At the 38-minute mark, Nighy begins a relationship with someone who used to work for him. I say “relationship”, but it really isn’t romantic – it is an old man discovering what he has missed. The relationship continues for a few days (or nearly 30 minutes in the movie) and is the self-discovery part of Mr. Williams’s journey.
The key insight occurs as he reminisces about his childhood at the 1 hour and 4 minute mark. (If you invert the movie as I suggested earlier, I think it is important that you not start the film before this point). But once Mr. Williams understands what his life means to him, then the rest of the film is how he turns meaning into action.
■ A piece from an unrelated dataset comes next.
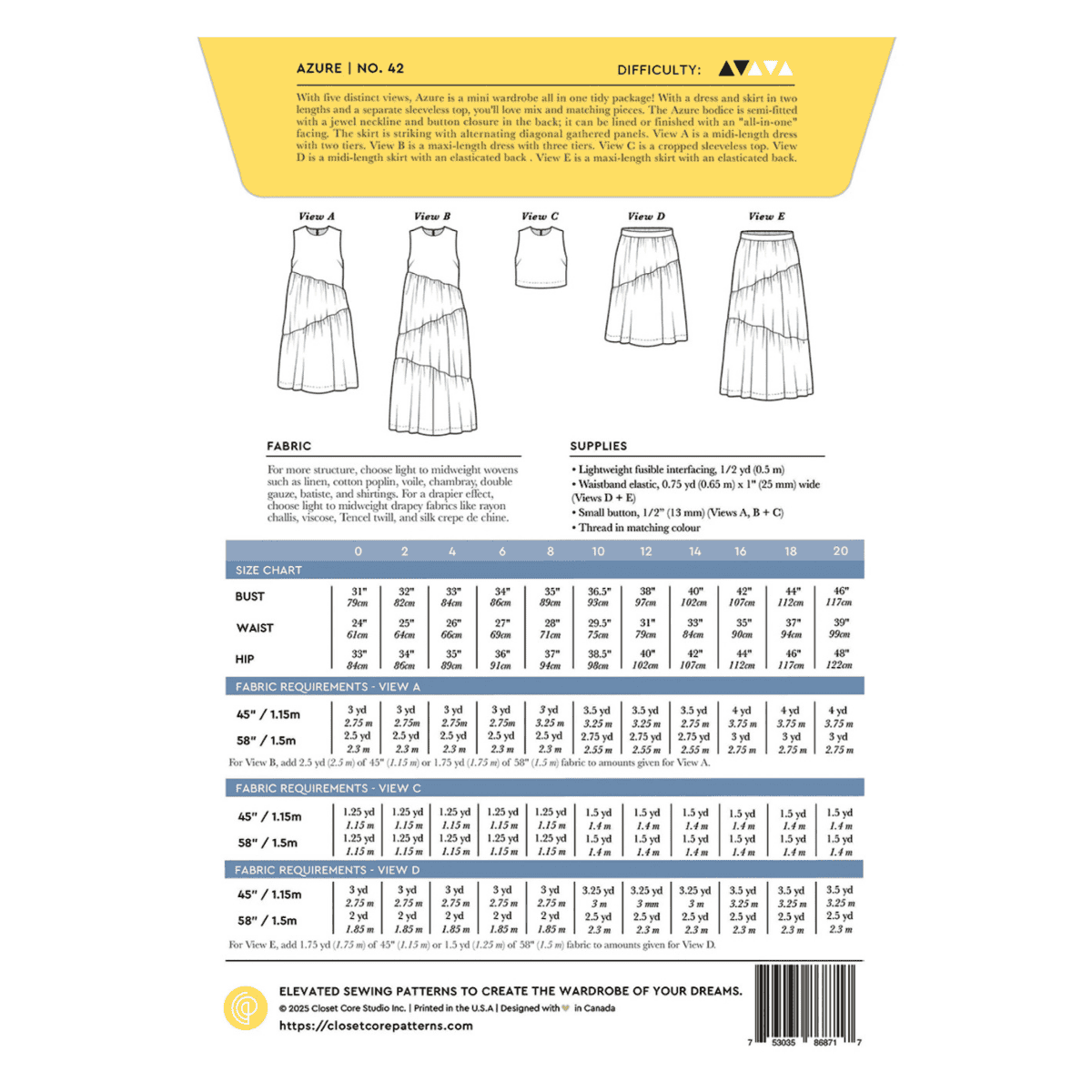 Closet Core Patterns - Azure Dress Top and Skirt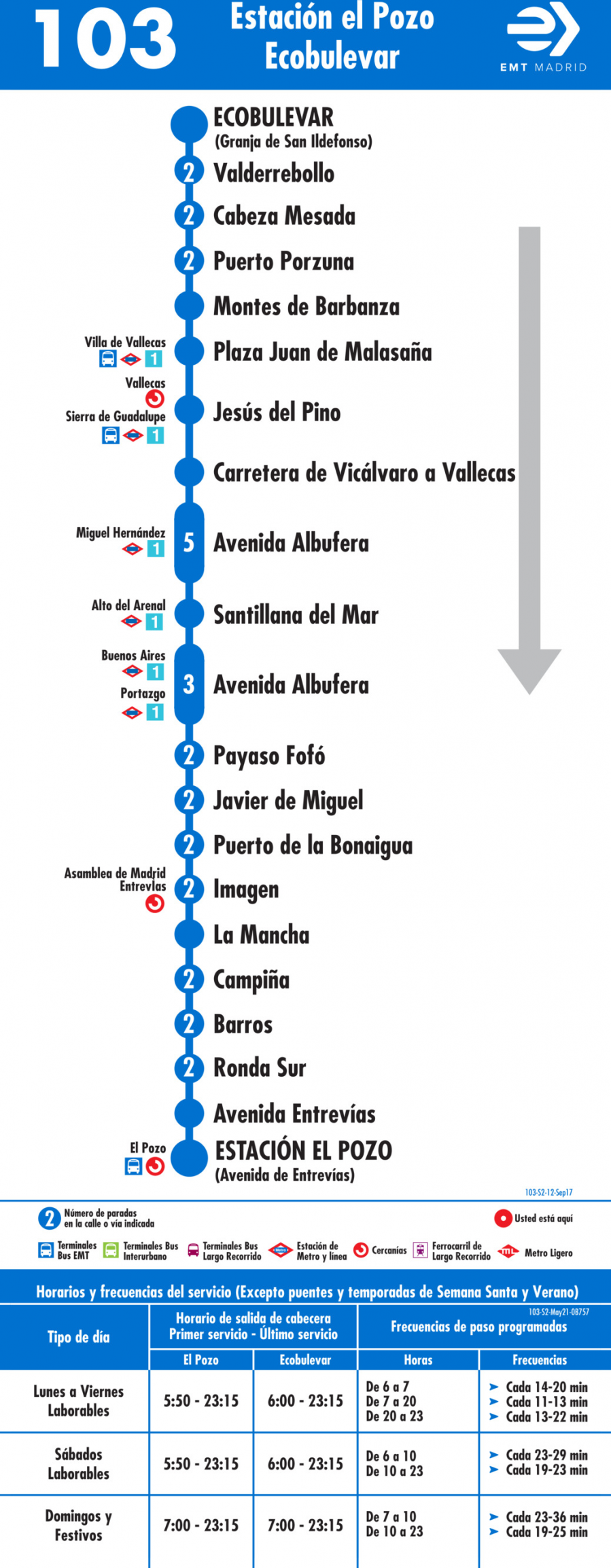 Horario de vuelta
The idea that we don’t really appreciate life until our mortality is looking us in the face is not a new one. Some people get it earlier and some never do. But for most of us, it takes a series of jolts to move us into a different trajectory – one more consistent with having some purpose and meaning in our lives.
The film isn’t the best and I agree that it is manipulative and somewhat simple-minded. (And I really didn’t like the totally cynical insert near the end back at the office, for example.) But for no other reason, watch it for Nighy’s performance and for a reminder that life is short and you need to live it to the fullest while you have it. (3*)
Where to Watch: Stream: Netflix. Rent: Prime/Apple/Google/Vudu/YouTube (all $5) or wherever you get your disks.